OK. Cool, thanks for all this work. It probably exceeds your budgeted time by an order of magnitude or two, for that I am grateful.

No problems. Consider it a downpayment on the review that I'll be asking for in a bit to add iOS support :-)

I see macpython_sdk_for_version is used in travis_osx_steps.sh to set MB_PYTHON_OSX_VER. Maybe we could make setting MB_PYTHON_OSX_VER mandatory, and error if it is missing (again, in a separate PR).

Honestly, I've been pretty much ignoring the Travis config stuff, on the basis that travis is effectively dead as an OSS concern.

It is also used in install_macpython via install_mac_cpython via pyinst_fname_for_version, but only as a fallback if MB_PYTHON_OSX_VER is not specified in install_macpython. I would imagine these days CI platforms have their own way of getting python versions, so install_macpython is anacronistic.

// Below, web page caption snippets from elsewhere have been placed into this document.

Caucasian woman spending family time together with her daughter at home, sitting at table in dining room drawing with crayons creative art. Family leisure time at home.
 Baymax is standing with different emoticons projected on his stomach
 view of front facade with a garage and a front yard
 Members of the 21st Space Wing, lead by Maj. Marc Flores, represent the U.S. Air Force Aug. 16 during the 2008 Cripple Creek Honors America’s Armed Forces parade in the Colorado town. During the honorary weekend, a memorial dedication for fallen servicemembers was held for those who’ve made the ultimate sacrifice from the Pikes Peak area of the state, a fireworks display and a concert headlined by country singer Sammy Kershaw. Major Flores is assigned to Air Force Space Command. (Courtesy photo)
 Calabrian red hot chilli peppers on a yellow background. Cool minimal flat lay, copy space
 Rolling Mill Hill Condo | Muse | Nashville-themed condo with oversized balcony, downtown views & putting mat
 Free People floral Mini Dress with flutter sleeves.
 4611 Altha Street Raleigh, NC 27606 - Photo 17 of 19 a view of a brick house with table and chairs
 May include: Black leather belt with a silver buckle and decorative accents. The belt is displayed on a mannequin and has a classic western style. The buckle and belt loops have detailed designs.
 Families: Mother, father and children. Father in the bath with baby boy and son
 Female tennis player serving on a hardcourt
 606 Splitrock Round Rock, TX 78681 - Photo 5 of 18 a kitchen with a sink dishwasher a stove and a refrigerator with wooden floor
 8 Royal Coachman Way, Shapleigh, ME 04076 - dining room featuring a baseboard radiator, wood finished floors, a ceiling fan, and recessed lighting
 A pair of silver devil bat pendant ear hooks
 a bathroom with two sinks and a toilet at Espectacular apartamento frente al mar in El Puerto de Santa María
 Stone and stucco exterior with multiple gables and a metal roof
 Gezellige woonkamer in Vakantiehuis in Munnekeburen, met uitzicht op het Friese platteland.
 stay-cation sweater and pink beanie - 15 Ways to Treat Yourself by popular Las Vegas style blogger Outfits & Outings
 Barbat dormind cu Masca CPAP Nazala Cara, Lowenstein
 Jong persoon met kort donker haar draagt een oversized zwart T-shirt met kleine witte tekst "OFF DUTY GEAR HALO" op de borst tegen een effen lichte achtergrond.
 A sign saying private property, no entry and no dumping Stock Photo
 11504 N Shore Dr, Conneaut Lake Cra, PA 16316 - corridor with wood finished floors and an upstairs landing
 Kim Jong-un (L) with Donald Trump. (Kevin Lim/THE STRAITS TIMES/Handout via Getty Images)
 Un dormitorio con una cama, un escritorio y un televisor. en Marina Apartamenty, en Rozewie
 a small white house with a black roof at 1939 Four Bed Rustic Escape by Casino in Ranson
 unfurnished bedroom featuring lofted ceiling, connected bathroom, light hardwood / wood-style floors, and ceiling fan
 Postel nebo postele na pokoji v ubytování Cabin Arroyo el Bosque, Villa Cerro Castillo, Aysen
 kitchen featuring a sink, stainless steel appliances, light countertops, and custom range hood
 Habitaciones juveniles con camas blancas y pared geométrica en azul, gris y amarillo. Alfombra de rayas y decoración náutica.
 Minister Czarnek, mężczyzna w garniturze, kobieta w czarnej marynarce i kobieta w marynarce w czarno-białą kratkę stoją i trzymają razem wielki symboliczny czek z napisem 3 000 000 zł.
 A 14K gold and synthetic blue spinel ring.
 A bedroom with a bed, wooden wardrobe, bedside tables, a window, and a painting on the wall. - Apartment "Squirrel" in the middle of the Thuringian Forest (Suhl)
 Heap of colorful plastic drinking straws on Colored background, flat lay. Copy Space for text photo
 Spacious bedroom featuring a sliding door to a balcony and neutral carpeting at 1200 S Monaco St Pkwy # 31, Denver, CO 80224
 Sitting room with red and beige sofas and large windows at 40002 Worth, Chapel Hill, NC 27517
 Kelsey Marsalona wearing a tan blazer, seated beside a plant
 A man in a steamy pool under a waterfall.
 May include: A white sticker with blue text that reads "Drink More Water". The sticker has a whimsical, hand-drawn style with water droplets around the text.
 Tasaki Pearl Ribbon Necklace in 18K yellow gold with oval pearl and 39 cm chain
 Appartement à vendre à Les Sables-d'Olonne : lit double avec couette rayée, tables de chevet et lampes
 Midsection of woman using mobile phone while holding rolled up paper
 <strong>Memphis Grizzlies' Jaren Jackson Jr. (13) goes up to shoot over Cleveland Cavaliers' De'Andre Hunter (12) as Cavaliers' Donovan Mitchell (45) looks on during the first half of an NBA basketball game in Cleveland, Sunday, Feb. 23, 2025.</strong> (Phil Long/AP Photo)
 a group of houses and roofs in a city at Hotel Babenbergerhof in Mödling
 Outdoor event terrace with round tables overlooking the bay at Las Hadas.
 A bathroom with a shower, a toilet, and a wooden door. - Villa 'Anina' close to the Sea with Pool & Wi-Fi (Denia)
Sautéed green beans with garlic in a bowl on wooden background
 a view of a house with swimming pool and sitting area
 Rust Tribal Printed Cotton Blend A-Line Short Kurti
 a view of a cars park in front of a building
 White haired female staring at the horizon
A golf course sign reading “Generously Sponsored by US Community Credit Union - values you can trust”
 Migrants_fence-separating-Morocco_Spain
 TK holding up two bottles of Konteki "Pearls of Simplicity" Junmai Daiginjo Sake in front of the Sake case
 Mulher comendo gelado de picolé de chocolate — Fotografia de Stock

I agree it's anachronistic; I'll leave the decision on whether to purge that code up to someone else. I think I've almost got it working (or, at least, passing the test suite) at this point.

So my practicl question is what of all that does Pillow use in its CI?

Pillow uses multibuild as a way to compile the binary libraries it depends on - libpng, libjpeg-turbo, and the like. Many of these have existing recipes (hence the giflib patch that I submitted); but the ones that don't fit into the same broad configure/cmake type build structure that the tools provided by multibuild are helpful.

freakboy3742 commented 1 month ago

Finally!

@mattip @radarhere CI is now passing on macOS x86_64, macOS ARM64, and Linux.